Saturday, February 25, 2023

Kenya’s divisive DP: Sorry, no jobs for those who didn’t vote for us

Kenya's Deputy President Rigathi Gachagua

Kenya's Deputy President Rigathi Gachagua, a sharp-tongued and gaffe-prone politician. PHOTO | JOSEPH KANYI | NMG

By OTIENO OTIENO

During the campaigns for Kenya’s August 9, 2022 elections, President William Ruto’s rivals often taunted him with calls to “hand the mic to [Rigathi] Gachagua,” his then

running mate.

Gachagua, a sharp-tongued and gaffe-prone politician, had the Ruto campaign handlers fretting throughout about his sexist and ethnic slurs and sick jokes that provided propaganda fodder for rival supporters of opposition leader Raila Odinga.

He reserved some of his nastiest remarks for his opposite number on the other team, Martha Karua, whom Raila Odinga had picked as his running mate to try to appeal to voters in the Mt Kenya region where both she and Gachagua hail from.

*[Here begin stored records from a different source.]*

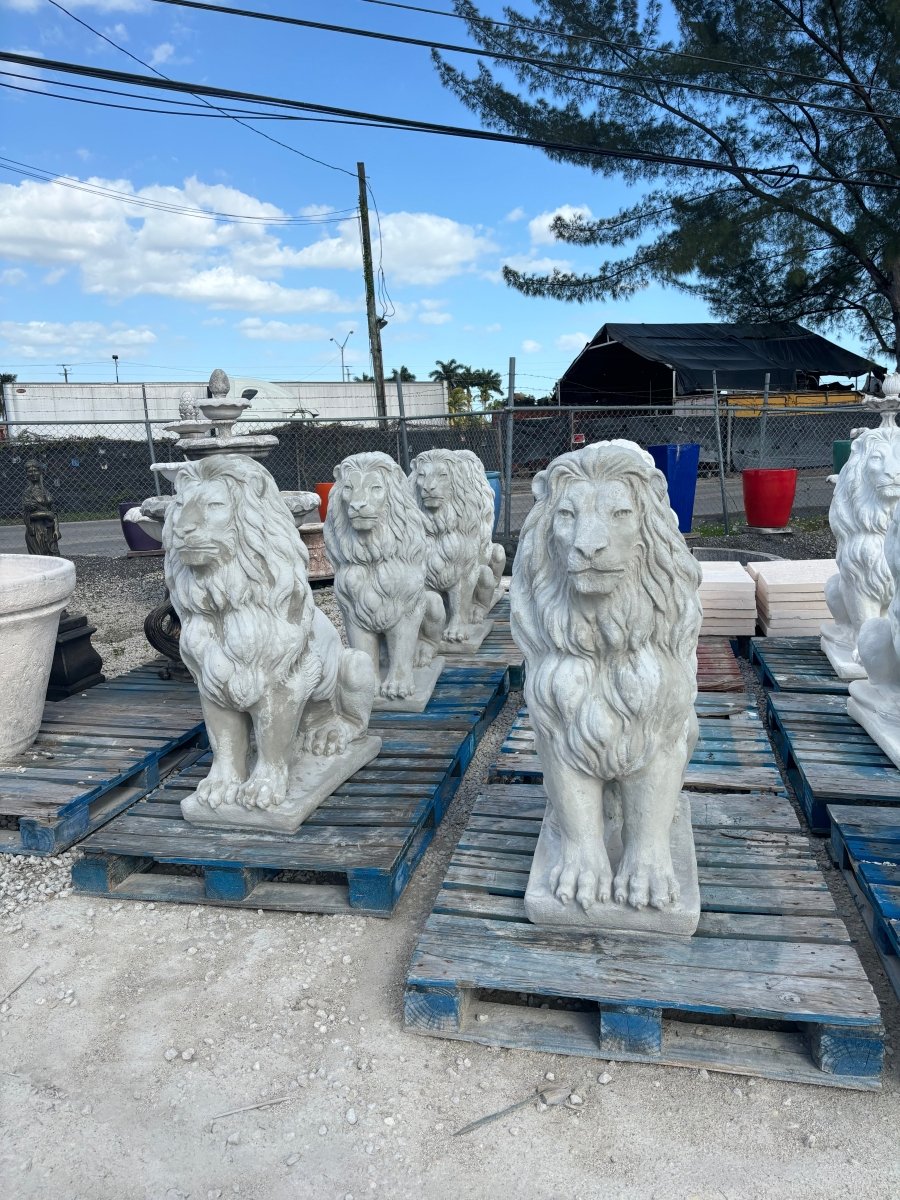 Group of white concrete lion statues lined up for large commercial fulfillment
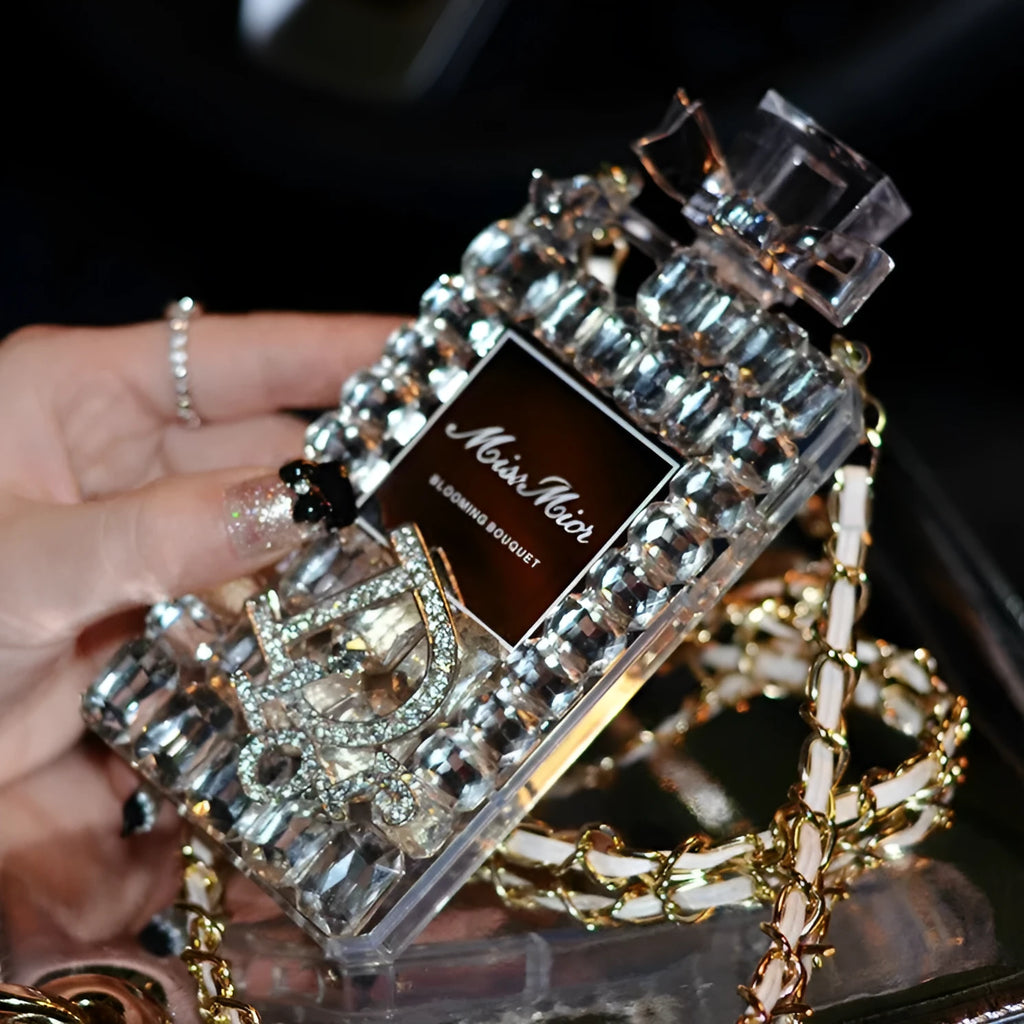 Perfume bottle bow design iPhone case with a metal chain strap in black, gold, pink, or transparent colours.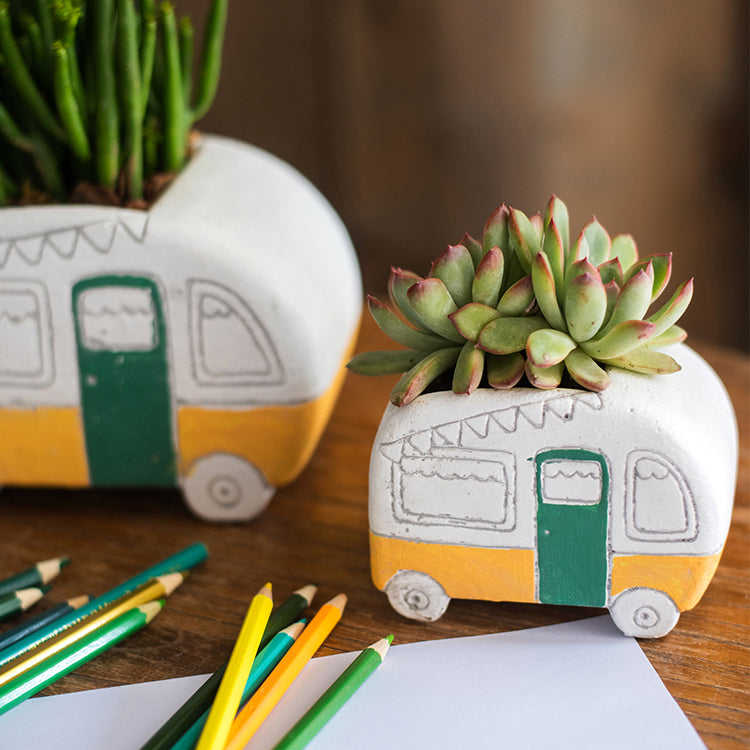 Kids Desktop Bus Planter in vibrant colors, featuring a cute bus design made of cement, perfect for small plants.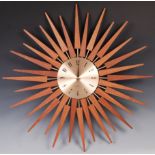 AFTER GEORGE NELSON A CONTEMPORARY STARBURST WALL CLOCK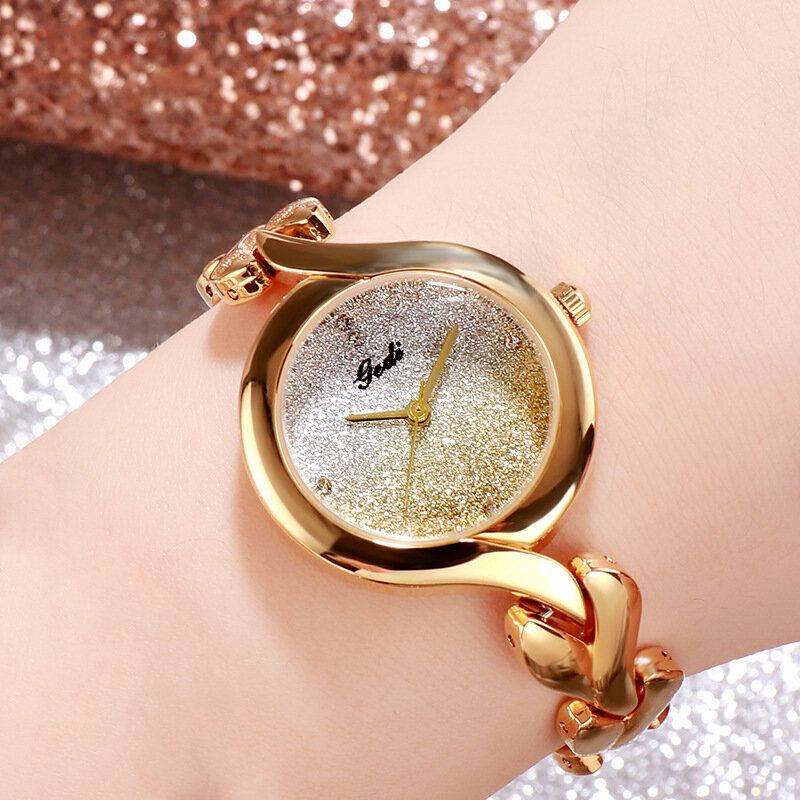 Gedi Fashion Elegant Luxury Crystal Gradient Color Kellotaulu Metalliseos Hihna Naisten Rannekellot Rannekellot Kvartsikello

Now deputy president after their victory in August and freshly bullish from seeing a number of corruption-related court cases against him recently withdrawn by the Director of Public Prosecutions, Gachagua remains just as unrestrained as he was during the election campaigns last year.

Company guaranteed by shares

His remarks last week likening the Ruto government to a company guaranteed by shares, in which preference will be given to people who voted for the President when dishing out State jobs, have kicked up a political storm in the country, with the opposition planning a motion of censure in Parliament.

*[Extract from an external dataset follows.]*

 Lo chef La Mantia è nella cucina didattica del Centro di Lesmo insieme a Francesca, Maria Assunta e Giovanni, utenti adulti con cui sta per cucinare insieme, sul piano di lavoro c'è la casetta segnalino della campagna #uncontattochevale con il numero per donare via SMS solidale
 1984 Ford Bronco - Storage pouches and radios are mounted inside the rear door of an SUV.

Opposition Members of Parliament have also threatened to start a public campaign urging their supporters not to pay taxes, accusing the Ruto administration of pursuing an exclusionist agenda.

But the Deputy President remains defiant, saying he is entitled to protect the interests of his Mt Kenya region in government. Past reports, including those of the commissions that inquired into the 2007 and 2008 post-election violence in Kenya, have cited skewed distribution of public jobs – real or perceived – among the reasons for uncomfortable ethnic relations and political fallouts.

Diversity and inclusion

The country’s cohesion and integration law enacted in the aftermath of the bloody 2007 and 2008 election-related violence requires diversity and inclusion in public.

The Public Service Commission, officially the employer of government staff, also introduced a diversity policy in 2015 that requires that job representation by ethnic groups in ministries, departments and agencies correspond with their respective proportions of the national population. But a review of 24 public agencies by the National Assembly's Cohesion and Equal Opportunity committee in 2019 found none of the institutions had equitable representation of all the 43 ethnic groups of Kenya.

The same employment pattern has emerged under the new administration, with a disproportionate share of senior public appointments by President Ruto going to communities in Rift Valley and Mt Kenya where he and the Deputy President hail from.

However, chances of a censure motion against Gachagua passing in the current Parliament, which is dominated by the ruling Kenya Kwanza coalition, appear slim. President Ruto has also been seen to strengthen his control of Parliament by poaching opposition defectors, including about 30 MPs affiliated to the former ruling Jubilee Party who announced they were cutting ties with the opposition Azimio coalition when they visited State House on February 8.

But Gachagua’s allusion to the existence of an unofficial policy to alienate people perceived to be opposition supporters from government jobs undermines his boss’s efforts to unite the country.